» **Your goal**
Using the records below, write out again exactly the lines that begin at the line containing "Ferret WiFi | Indus Appstore | App Icon" and end at the line containing "A night sky", and no other lines.

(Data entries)
━━━━━━

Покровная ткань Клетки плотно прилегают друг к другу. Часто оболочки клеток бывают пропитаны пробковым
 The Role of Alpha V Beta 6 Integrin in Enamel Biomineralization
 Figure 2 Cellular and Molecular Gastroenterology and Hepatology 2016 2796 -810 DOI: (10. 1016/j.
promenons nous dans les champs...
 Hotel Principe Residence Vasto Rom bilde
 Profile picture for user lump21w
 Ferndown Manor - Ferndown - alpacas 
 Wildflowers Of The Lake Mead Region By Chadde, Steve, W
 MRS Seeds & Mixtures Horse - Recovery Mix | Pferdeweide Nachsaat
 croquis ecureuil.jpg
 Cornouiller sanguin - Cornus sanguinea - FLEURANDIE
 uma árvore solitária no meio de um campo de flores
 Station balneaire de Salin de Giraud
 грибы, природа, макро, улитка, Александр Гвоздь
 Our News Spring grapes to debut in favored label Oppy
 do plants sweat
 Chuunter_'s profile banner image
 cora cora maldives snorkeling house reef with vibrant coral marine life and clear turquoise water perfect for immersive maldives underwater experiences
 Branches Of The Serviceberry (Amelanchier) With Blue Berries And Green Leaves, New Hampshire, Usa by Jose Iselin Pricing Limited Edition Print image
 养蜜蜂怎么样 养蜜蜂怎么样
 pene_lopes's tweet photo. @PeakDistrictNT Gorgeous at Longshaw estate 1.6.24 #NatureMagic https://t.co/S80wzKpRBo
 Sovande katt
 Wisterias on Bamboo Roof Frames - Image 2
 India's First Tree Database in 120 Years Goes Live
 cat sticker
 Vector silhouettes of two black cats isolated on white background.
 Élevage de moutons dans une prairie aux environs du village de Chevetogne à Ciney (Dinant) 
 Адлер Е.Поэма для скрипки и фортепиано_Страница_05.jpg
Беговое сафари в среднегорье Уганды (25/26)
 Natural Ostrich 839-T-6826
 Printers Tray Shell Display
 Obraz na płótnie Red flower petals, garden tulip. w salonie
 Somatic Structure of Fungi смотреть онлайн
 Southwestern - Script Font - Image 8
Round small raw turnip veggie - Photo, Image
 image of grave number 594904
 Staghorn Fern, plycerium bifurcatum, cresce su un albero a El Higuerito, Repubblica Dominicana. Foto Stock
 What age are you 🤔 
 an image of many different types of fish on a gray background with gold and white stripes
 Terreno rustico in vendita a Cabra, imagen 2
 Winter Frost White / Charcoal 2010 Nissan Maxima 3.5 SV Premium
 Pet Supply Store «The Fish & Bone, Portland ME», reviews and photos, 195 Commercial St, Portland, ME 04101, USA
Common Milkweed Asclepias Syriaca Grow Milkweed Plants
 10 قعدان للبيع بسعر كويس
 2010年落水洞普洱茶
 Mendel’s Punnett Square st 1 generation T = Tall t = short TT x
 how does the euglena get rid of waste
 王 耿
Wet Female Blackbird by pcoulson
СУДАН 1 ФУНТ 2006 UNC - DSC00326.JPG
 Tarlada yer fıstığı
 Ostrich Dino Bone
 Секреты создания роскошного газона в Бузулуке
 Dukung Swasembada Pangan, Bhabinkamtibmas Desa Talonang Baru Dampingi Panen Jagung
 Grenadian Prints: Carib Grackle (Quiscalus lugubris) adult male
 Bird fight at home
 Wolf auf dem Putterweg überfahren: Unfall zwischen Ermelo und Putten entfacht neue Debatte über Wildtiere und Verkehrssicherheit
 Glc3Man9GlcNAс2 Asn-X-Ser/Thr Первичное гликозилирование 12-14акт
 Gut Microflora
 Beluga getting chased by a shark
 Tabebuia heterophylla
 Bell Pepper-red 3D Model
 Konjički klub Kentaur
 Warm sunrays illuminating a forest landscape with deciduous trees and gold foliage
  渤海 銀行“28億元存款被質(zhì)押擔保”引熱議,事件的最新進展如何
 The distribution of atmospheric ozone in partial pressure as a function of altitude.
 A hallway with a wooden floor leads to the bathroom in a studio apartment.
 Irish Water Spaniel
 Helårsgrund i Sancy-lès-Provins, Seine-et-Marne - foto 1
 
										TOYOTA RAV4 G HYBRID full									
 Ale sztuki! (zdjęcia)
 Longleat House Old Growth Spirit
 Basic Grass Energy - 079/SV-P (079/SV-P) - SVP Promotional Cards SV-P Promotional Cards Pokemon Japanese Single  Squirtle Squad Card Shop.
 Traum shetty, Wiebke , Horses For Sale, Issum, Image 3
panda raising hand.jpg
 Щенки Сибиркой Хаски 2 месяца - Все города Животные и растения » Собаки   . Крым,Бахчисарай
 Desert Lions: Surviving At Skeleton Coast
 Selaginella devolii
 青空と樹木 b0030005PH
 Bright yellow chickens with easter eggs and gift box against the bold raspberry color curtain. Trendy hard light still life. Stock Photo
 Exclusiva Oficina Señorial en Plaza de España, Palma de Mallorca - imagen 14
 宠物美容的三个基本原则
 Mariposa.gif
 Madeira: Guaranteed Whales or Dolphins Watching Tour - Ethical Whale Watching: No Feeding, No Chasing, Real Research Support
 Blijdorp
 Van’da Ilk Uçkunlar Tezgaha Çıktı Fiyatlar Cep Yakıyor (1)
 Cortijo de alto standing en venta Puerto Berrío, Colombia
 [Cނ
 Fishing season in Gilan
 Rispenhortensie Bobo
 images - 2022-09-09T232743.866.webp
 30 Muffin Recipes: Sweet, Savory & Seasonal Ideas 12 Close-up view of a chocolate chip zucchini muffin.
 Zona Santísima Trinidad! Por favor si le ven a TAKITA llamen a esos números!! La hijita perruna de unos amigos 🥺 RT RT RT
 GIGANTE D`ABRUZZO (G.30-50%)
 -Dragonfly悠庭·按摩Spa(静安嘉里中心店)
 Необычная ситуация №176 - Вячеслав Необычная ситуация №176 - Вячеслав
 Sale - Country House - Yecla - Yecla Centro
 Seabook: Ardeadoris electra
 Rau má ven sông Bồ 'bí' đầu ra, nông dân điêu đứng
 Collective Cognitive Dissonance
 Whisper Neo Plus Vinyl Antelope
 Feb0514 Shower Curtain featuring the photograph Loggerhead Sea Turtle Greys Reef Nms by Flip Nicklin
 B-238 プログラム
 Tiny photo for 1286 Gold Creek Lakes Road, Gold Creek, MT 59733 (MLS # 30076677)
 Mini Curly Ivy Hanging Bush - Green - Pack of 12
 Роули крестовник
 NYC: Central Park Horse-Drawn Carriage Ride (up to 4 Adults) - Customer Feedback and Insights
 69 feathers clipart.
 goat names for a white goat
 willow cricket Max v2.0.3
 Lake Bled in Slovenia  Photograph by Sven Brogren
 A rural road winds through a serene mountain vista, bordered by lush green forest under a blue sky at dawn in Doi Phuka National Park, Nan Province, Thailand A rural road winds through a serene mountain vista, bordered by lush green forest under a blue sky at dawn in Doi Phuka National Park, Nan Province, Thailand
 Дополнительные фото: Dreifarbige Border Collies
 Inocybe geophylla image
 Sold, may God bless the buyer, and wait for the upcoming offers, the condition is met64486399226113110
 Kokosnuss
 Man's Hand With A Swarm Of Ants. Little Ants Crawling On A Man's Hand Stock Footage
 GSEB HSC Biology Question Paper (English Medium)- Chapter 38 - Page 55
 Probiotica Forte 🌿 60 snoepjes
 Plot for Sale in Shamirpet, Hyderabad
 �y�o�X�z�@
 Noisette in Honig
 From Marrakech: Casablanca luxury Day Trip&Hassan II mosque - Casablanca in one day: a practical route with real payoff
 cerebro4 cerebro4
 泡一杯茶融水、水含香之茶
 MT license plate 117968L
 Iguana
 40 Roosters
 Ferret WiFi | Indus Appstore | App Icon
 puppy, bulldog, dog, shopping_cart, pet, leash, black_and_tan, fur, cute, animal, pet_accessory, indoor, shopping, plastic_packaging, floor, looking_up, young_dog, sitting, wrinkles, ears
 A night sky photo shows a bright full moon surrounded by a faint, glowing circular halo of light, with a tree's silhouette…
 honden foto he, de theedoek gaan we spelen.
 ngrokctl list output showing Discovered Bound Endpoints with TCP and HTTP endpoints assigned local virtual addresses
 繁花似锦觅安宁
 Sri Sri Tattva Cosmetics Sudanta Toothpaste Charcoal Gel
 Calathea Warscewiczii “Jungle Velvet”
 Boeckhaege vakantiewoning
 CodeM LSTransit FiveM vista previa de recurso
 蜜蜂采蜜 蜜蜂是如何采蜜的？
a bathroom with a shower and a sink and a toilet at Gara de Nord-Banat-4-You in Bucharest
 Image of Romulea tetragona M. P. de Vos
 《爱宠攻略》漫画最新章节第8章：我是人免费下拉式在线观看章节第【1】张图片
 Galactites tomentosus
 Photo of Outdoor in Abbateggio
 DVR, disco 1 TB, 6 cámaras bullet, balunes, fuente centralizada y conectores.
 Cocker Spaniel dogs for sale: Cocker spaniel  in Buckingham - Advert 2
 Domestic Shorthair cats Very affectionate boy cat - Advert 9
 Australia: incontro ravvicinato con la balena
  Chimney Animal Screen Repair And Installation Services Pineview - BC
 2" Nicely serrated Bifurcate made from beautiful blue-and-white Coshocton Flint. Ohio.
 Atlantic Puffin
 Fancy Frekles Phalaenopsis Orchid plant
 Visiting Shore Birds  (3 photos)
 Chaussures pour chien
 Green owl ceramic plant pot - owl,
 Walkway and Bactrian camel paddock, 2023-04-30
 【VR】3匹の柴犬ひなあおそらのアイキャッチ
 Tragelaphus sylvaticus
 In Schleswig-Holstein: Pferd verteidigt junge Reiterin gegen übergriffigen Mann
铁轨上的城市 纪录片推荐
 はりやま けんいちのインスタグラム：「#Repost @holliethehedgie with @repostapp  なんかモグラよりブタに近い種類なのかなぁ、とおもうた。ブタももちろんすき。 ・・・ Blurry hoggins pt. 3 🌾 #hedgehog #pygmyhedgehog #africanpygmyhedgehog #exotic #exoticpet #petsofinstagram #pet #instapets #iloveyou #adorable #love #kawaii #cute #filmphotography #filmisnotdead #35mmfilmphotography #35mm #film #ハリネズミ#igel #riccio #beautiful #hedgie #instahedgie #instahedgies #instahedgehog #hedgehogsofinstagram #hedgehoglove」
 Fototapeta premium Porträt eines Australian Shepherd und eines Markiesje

━━━━━━

» **Reply**
 Ferret WiFi | Indus Appstore | App Icon
 puppy, bulldog, dog, shopping_cart, pet, leash, black_and_tan, fur, cute, animal, pet_accessory, indoor, shopping, plastic_packaging, floor, looking_up, young_dog, sitting, wrinkles, ears
 A night sky photo shows a bright full moon surrounded by a faint, glowing circular halo of light, with a tree's silhouette…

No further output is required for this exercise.